The creation of Ohio was one of the great acts of the American Enlightenment. Its founders did not consider the state distinctive or romanticize its landscapes and its peoples. Such things did not matter to them because they were not trying to create something unique.
— Ohio: The History of A People, by Andrew R.L. Cayton
This is my Jerry Springer moment
I don’t want this moment to die
So dip me in chocolate and throw me to the lesbians
I don’t want this moment to die
— Jerry Springer: the Opera, by Richard Thomas and Thomas and Stewart Lee
For Ohio Democrats, the 2004 presidential election is principally about evicting George W. Bush from the White House. But it may also determine whether they have to stomach Jerry Springer as their nominee for governor in 2006. Two hundred and one years after it was assembled from land held in reserve for Virginia and Connecticut, Ohio has finally achieved uniqueness.
“Ohio’s our best chance for a big-state pickup,” former President Bill Clinton told an interviewer in the Aug. 5 Rolling Stone. Among swing states, only Florida and Pennsylvania have more electoral college votes than Ohio, and the Kerry and Bush campaigns have spent more money in Ohio (on a per-elector basis) than in either of those states. (When independent expenditures are factored in, the combined ad buy so far may exceed $20 million.) One reason for Ohio’s preeminence is that its voting patterns, though fairly predictable in previous years, are now in flux. Superstition is also a factor. Traveling around the state last week, I heard just about every political operative or analyst I encountered cite two statistics: 1) No Republican has ever won the White House without winning Ohio; and 2) Ohioans have gone with the winner in every presidential election since 1964. To make these two facts an argument for campaigning heavily in Ohio is to confuse cause and effect—Ohio’s vote tracks closely with the national vote not because its voters have any greater ability to affect voters elsewhere but because its demographics track national ones more closely than most.

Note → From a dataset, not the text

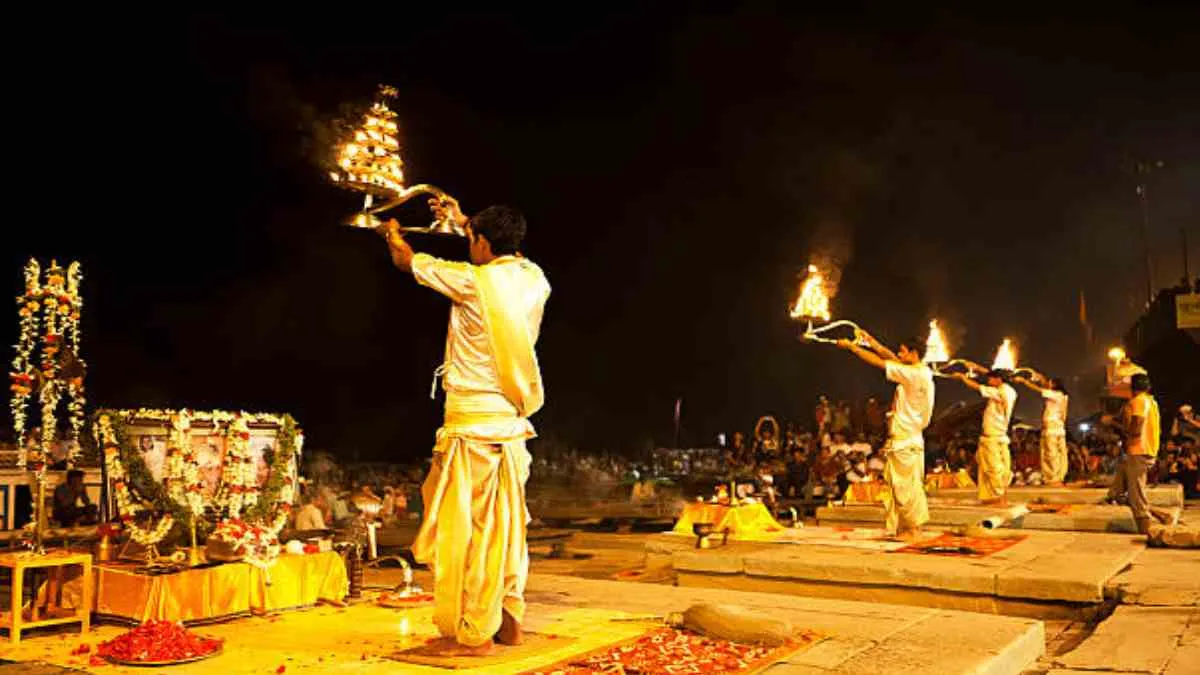 भगवान की पूजा के समय आरती करने का क्या है महत्व? जानें धार्मिक व वैज्ञानिक  कारण: Benefits of Aarti - Grehlakshmi
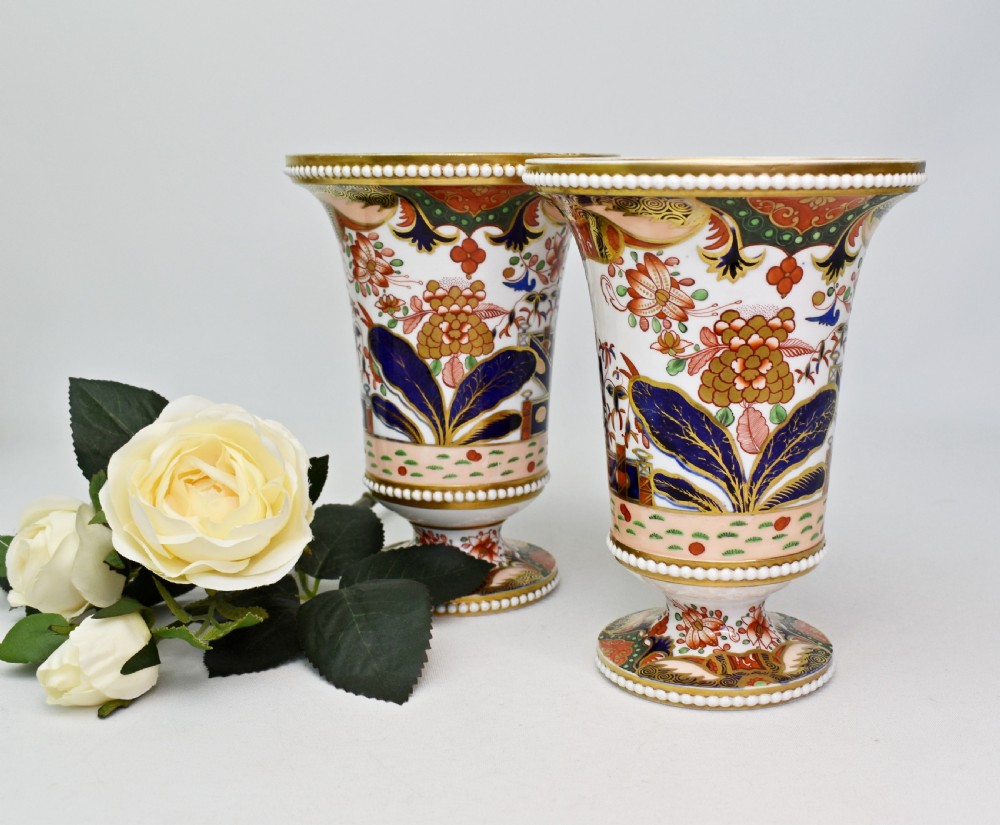 Pair of Regency Spode Imari Japan Pattern 967 Bone China Urn Vases c.1810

Many people long considered Ohio, at least from a distance, to be a boring place. Its very representativeness made it uninteresting. But Ohio was always quite interesting when viewed as a collection of regions whose distinctive identities cancel each other out. In a recently launched newspaper series destined to be widely quoted in this Ohio-obsessed campaign season, the Cleveland Plain Dealer counts five Ohios:
1.) The Northeast. The state’s manufacturing region. Cleveland, Akron, and Youngstown are all here. Although the Northeast has declined more than sufficiently to justify the term “rust belt”—Ohio lost 97,000 manufacturing jobs between 2000 and 2003 alone—manufacturing still represents 20 percent of Ohio’s employment, or 6 percent above the national average. (I’m indebted here and throughout this article to The Ohio Almanac, edited by John Baskin and Michael O’Bryant.)
2.) The Southeast. This is Ohio’s slice of Appalachia. This low-income, coal-mining region has more in common with West Virginia, which it borders, than with the rest of Ohio. Thirty percent of all adult males in the Southeast are veterans, and while the region is overwhelmingly patriotic, nearly one-quarter of its citizens have soured on the Iraq war, according to the Plain Dealer.
3.) Central Ohio. The swing-voter heartland. Columbus, this region’s focal point, has grown from a charming slice of Americana (James Thurber, grouch extraordinaire, wrote nostalgically about his Columbus boyhood) to Ohio’s most populous city, with a population of 711,000. Indeed, Columbus is the only one of Ohio’s six major cities that didn’t lose population during the 1990s. Columbus has achieved this seeming miracle by repeatedly expanding its city borders to absorb surrounding suburban areas. State government (Columbus is Ohio’s capital), higher education (Ohio State), and various white-collar enterprises are major employers in Central Ohio.
4.) The Northwest. The agricultural heartland. Farms are also scattered across central and southern Ohio (more than half of Ohio is designated prime farmland), but the Northwest is the state’s least urban region. Ohio employs nearly as many farmers and food processors as it does workers in heavy industry. But like the state’s manufacturing sector, farming has been in steep decline. During the past half-century, 30 percent of Ohio’s farmland was lost. The region is fairly conservative.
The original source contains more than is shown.